Très. J’avais composé le gros de la musique pour la pièce de 12 Stars, dont provient la première chanson de l’album, Glasgow Tokyo, et je m’étais vraiment fait violence. En jouant les chansons de Saya, j’ai vraiment enrichi mon vocabulaire sans faire d’efforts. Je ne sais pas encore ce que j’ai appris, mais je me suis rendu compte que quelque chose avait un peu changé en travaillant sur les chansons du prochain Pastels. Quant à celles composées par Katrina (Mitchell, ndlr) et Gerard Love, c’est infiniment agréable : j’ai l’impression d’être à la maison, et de découvrir des nouvelles pièces dont je n’avais jamais soupçonné l’existence.

Quand pensez-vous finir ce nouveau disque ?

On retourne bientôt en studio donc j’espère avant le printemps. Je pense que les gens seront surpris.

Vous semblez être plutôt retiré du monde actuel de la musique. Est-ce qu’il vous intéresse encore ?

Je suis à un moment de ma vie où je me dois de suivre un minimum l’actualité, parce que je fais partie de l’équipe d’un disquaire à Glasgow. Je me tiens donc plus informé que je ne le ferais en temps normal. La situation est un peu désespérée, il y a une grosse tendance au retro un peu moribonde, les choses n’évoluent pas beaucoup mais il y a tout de même beaucoup d’excellents disques qui sortent. C’est aussi beaucoup plus dur de tenir sans faire d’argent. J’ai beaucoup repensé aux Smiths récemment, je ne sais pas pourquoi. Je me suis rappelé de leur succès au milieu des années 80, au fait que tout le monde autour de moi avait au moins un album des Smiths à la maison. Et ça n’existe plus. Chacun vit dans sa niche, les communautés sont beaucoup plus petites. Pour le reste, mes goûts n’ont pas beaucoup changé depuis le début des années 80 : les Modern Lovers, le Velvet Underground, Orange Juice, Swell Maps, Television Personalities, Subway Sect… La grande musique de ma vie.

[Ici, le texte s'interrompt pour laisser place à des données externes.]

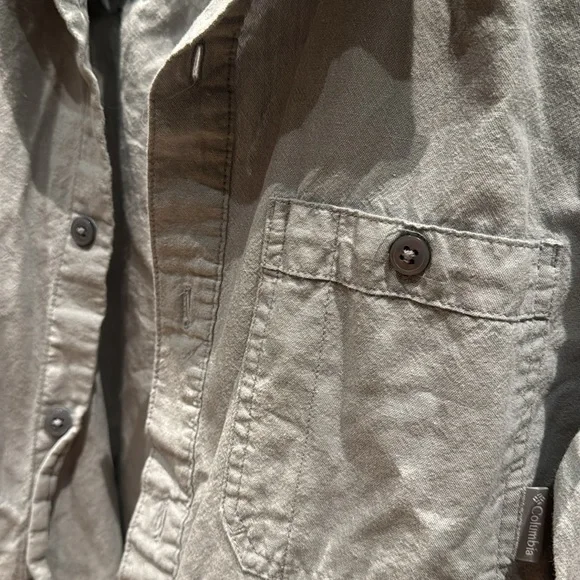Columbia long sleeve button up - Picture 3 of 5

Two Sunsets commence comme un morceau de Brian Eno. A une époque, ça aurait été inimaginable sur un disque des Pastels.

Je l’ai beaucoup écouté, bien sûr, bien après le début des Pastel – à l’époque je ne connaissais que Roxy Music. On vient de me donner l’album de Harmonia 76 – Eno avec Cluster et Michael Rother – qui est réédité ces jours-ci, et c’est un disque fantastique.

De la même manière, tu sors surtout des disques de groupes japonais alors qu’à l’époque de ton premier label, 53rd and 3rd, tu sortais surtout les disques de tes amis de Glasgow – les Vaselines ou les Shop Assistants.

C’était surtout une nécessité, à l’époque, parce que personne d’autre ne voulait le faire. Je voulais aider. Quand nous avons crée Geographic avec Katrina, les groupes que nous aimions, comme Belle and Sebastian étaient tous déjà signés… La prochaine sortie du label est tout de même 100% « locale », puisque c’est un album solo de Gerald Love de Teenage Fanclub, qui joue aussi dans les Pastels, et sur le disque il y a des membres de International Airport ou Belle and Sebastian. Pour ce qui concerne les autres choix de signature du label, c’est avant tout une histoire d’opportunités. Je ne saurai dire si mon admiration pour l’intensité si spéciale de certains groupes japonais a quelque chose à voir avec une évolution personnelle. Peut-être. Il faudrait demander à mes amis.